O casal recebeu 21 anos de prisão cada um, enquanto Thaysa cumpre 18 anos e seis meses em prisão domiciliar.
O empresário Flávio Henrique Lucas, sua esposa, a cirurgiã-dentista Mara Kenia Dier Lucas, e a irmã dele, Thaysa Lucas, foram condenados pela Justiça de Mato Grosso por envolvimento em tráfico interestadual de drogas. A sentença veio à tona após o Superior Tribunal de Justiça (STJ) negar habeas corpus à defesa de Mara nesta segunda-feira (15), mantendo a prisão da ré.
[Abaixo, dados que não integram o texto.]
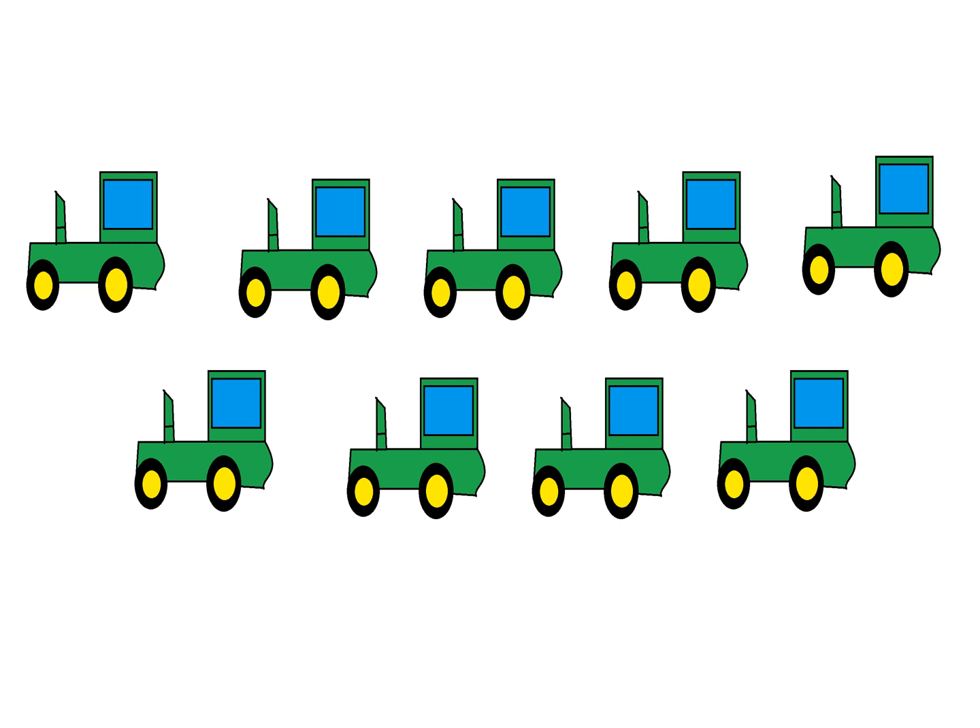How many tractors are there? 1, 2, 3, 4, 5, 6, 7, 8, 9.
Flávio também segue detido, enquanto Thaysa cumpre pena em prisão domiciliar.
De acordo com a decisão do juiz Douglas Bernardes Romão, da 1ª Vara Criminal de Barra do Garças, as investigações mostraram que Mara e Flávio atuavam em conjunto na organização, logística e financiamento do transporte de drogas. Flávio foi responsável pelo gerenciamento do tráfico, recrutamento de “mulas” e contato com fornecedores. Interceptações e conversas de WhatsApp, incluindo chamadas de vídeo, indicaram que Mara participava ativamente da operação, acompanhando carregamentos e financiando despesas da organização.
O casal recebeu 21 anos de prisão cada um, em regime fechado, totalizando 42 anos. Já Thaysa Lucas, condenada em processo separado, foi sentenciada a 18 anos e seis meses por atuar como financiadora do grupo entre agosto de 2023 e fevereiro de 2024, reforçando o núcleo financeiro da associação criminosa ao lado do irmão e da cunhada.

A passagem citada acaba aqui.